The Supercharger network was built by the company to enable drivers to quickly give their cars a charge on long-distance journeys. The privilege of doing so used to be free, but in November Tesla announced that cars ordered after January 15, 2017 would only receive 400 kWh of free supercharging credits per year – roughly equating to 1,600km.
On Friday, the company revealed that Australian customers would be charged $0.35 per kWh for supercharges exceeding the free limit.
“We are only aiming to recover a portion of our costs and set up a fair system for everyone — this will never be a profit centre for Tesla,” the company wrote.
Tesla stated that the excess charges would “always” be cheaper than petrol. It is understood that the 35 cent rate equates to about $38 for a drive from Sydney to Melbourne.
The company also insisted that most people would not exceed the annual free cap.
“We carefully considered current Supercharger usage and found that 400 kWh covers the annual long-distance driving needs of the majority of our owners,” stated the company on its blog.
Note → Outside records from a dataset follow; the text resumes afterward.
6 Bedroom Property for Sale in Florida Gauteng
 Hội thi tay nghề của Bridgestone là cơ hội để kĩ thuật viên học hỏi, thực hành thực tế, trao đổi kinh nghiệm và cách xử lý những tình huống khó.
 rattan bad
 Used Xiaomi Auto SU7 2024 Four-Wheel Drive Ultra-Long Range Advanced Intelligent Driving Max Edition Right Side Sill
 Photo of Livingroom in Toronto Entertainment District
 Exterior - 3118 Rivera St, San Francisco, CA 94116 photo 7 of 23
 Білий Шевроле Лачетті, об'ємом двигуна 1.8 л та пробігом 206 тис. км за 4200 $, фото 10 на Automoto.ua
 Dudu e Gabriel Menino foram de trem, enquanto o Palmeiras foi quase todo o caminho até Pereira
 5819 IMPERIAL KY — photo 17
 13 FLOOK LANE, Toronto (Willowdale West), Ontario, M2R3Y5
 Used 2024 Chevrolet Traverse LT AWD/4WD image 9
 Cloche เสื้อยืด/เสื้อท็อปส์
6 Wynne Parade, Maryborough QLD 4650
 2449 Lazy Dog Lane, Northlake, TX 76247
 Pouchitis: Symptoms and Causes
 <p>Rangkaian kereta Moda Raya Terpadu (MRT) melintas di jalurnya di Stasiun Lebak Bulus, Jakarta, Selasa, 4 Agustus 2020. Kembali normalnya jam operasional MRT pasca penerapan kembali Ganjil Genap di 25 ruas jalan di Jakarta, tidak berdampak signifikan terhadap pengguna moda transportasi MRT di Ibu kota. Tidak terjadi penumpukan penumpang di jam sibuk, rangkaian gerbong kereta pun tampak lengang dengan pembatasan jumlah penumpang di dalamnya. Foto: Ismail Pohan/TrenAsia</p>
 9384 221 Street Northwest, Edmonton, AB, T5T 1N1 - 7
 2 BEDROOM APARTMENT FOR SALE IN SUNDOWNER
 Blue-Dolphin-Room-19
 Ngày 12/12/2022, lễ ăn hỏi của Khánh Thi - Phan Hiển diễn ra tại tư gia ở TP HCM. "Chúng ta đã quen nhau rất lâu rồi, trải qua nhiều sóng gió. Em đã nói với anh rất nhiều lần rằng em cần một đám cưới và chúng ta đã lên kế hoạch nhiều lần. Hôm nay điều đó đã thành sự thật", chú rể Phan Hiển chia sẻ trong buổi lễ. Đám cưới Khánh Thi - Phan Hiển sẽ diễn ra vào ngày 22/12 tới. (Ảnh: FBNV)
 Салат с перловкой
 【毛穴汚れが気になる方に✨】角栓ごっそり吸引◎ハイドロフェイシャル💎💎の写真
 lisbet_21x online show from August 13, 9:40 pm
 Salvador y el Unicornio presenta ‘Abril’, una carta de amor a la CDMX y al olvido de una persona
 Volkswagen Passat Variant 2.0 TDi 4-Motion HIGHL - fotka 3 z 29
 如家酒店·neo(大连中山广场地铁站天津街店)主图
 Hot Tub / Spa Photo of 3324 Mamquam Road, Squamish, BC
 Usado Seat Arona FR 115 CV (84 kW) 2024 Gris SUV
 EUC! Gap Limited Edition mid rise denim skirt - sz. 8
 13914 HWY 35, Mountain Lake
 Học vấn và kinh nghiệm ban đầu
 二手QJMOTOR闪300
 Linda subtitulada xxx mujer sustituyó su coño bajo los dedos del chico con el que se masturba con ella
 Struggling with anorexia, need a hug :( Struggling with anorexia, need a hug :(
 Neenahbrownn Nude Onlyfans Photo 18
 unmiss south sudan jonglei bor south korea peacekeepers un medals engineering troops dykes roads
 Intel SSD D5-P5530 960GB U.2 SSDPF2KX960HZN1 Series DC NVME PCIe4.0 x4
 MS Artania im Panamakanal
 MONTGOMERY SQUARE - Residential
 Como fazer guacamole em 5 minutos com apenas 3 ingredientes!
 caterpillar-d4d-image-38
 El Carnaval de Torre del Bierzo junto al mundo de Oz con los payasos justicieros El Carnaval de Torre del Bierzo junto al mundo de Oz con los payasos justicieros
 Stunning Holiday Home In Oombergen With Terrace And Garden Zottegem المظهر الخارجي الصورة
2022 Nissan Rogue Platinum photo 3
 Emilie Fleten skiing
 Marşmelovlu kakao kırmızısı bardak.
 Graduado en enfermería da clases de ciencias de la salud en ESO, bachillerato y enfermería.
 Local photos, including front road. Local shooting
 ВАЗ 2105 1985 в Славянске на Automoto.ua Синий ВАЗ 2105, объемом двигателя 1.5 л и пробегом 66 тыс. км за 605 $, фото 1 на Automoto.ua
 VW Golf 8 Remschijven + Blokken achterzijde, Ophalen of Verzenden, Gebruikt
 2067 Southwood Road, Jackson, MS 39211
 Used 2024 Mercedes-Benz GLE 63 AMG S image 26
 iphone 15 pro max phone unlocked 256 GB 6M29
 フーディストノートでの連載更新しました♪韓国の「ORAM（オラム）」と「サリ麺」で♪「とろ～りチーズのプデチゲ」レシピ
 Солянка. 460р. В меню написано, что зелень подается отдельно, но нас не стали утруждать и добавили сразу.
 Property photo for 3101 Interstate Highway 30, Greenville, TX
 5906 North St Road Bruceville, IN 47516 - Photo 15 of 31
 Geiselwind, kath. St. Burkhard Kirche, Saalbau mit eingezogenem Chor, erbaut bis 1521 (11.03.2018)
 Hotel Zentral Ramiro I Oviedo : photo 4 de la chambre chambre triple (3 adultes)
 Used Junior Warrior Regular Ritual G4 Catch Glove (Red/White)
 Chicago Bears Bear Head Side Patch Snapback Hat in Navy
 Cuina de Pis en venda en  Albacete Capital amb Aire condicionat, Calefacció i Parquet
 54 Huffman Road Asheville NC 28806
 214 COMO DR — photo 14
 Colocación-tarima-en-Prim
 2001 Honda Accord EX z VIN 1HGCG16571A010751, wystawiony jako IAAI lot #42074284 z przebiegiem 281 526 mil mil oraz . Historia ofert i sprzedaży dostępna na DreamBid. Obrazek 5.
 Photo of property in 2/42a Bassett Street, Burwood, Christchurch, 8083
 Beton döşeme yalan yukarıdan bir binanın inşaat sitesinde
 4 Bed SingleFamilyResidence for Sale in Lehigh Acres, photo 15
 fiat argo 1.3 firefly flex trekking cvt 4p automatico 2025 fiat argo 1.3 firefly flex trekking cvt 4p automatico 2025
“As a result, most owners will continue to enjoy the benefits of Supercharging on road trips at no additional cost.”
Tesla has instructed drivers in the past to use supercharging only on long-distance journeys and to charge their cars at home overnight for day-to-day use.
In the US, the company quoted $15 for a supercharged journey from San Francisco to Los Angeles, and $120 for a cross-country road trip from Los Angeles to New York.